Charlie Crist has gone from popular governor to besieged Senate primary candidate in a matter of months. He’s still on the defensive about his endorsement of the stimulus boondoggle, telling a local editorial board (after trying to scoot away from his embrace of Obama) that he’s really glad he had cheered the plan:
“People are hurting and they’re suffering. I hear about it every day. That’s frankly why I thought the stimulus was so important,” Crist said. “I know there are some in my party that don’t agree with that, but I don’t have the luxury of putting politics over people.”
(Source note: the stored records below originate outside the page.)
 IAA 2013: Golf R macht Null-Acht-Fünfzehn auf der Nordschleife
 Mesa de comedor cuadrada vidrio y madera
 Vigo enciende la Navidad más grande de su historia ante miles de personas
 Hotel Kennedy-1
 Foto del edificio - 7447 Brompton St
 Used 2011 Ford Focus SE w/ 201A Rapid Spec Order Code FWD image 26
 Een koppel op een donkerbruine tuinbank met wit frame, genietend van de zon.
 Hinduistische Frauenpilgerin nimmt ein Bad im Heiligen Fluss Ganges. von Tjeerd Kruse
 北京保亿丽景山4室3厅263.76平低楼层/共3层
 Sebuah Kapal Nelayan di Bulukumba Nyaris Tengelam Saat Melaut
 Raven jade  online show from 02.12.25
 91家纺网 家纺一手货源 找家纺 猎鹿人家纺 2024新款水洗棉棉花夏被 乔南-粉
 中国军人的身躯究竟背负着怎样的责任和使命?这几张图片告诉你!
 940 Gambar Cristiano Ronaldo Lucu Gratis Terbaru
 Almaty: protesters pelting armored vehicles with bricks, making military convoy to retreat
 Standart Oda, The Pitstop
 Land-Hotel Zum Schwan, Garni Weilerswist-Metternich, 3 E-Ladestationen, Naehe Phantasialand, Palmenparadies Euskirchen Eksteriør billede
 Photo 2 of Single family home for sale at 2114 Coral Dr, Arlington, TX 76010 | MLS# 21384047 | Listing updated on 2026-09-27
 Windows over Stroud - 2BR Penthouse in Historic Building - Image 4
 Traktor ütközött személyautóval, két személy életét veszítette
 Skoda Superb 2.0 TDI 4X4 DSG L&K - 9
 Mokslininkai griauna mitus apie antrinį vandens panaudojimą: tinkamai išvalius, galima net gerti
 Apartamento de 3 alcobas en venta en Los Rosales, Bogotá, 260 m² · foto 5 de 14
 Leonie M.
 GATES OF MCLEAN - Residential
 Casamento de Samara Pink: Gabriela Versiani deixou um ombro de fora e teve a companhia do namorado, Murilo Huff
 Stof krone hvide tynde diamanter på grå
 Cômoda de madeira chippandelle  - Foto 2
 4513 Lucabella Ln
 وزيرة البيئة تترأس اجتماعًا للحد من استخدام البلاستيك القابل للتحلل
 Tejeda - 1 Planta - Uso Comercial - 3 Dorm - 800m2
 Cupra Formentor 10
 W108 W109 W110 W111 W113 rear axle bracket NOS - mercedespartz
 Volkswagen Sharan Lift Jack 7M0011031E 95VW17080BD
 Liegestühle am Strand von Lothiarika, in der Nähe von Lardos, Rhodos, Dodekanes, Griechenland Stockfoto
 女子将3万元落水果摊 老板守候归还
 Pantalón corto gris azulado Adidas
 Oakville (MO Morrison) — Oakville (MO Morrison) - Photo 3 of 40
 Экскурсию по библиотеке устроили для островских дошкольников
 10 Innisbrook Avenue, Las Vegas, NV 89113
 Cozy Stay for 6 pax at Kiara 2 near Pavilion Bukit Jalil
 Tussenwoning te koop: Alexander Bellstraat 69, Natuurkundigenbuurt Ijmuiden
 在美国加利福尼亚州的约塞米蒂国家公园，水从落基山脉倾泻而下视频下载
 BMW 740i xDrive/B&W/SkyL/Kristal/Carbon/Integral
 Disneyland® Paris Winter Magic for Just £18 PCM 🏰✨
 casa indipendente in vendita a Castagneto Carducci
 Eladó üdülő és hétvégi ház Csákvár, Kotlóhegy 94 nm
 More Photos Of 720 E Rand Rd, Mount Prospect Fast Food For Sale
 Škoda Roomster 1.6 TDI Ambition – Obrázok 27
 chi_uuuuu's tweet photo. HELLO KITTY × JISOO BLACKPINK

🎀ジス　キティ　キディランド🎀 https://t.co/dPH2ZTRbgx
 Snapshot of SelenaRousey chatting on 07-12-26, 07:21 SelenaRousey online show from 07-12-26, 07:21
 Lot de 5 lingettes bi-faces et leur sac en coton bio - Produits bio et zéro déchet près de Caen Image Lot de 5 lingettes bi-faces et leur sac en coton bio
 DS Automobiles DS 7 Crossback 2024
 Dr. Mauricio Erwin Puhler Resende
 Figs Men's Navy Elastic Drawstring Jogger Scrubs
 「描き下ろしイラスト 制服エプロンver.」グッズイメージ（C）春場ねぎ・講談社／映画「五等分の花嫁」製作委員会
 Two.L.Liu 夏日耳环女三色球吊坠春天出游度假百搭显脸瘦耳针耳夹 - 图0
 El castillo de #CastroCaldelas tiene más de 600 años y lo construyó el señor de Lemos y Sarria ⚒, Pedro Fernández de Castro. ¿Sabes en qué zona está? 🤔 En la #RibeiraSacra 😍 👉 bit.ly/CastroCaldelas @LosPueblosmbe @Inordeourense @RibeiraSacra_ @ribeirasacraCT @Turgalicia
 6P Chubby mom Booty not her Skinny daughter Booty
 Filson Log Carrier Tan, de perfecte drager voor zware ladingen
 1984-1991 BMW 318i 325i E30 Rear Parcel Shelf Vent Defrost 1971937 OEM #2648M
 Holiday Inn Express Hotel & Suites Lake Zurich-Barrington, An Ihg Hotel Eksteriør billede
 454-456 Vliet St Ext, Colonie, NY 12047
Well, hardly anyone in his party agrees with him, but at least he’s settled on a position. And now he’s refashioning himself as a hard-core conservative:
“It’s hard to be more conservative than I am on issues — there’s different ways stylistically to communicate that — I’m pro-life, I’m pro-gun, I’m pro-family, and I’m anti-tax. I don’t know what else you’re supposed to be, except maybe angry too,” said Crist, who as a state legislator voted against abortion restrictions and more recently supported increasing cigarette taxes in Florida and the federal $787 billion stimulus package.
Ouch. Well, maybe not all that conservative. Some decried the fact that there is a primary at all, arguing that this was all a horrid notion, having Republicans contest one another for a Senate seat. But it’s turned out to be a pretty good idea, the very thing that was missing in the NY-23 circus. Primaries serve a useful purpose — sniffing out poor candidates, uncovering their foibles, testing party enthusiasm, and allowing the candidates to test-run campaign themes. So far at least, Crist has proved to be a remarkably inept candidate, allowing the lesser-known and lesser-funded Marco Rubio to make his way into a competitive race.
Though the mainstream media and even a few snooty pundits think it’s evidence of the GOP’s weakness, a race like this suggests just the opposite. After all, a democracy is supposed to be contentious, messy, and surprising. And the Florida Senate primary is all of them.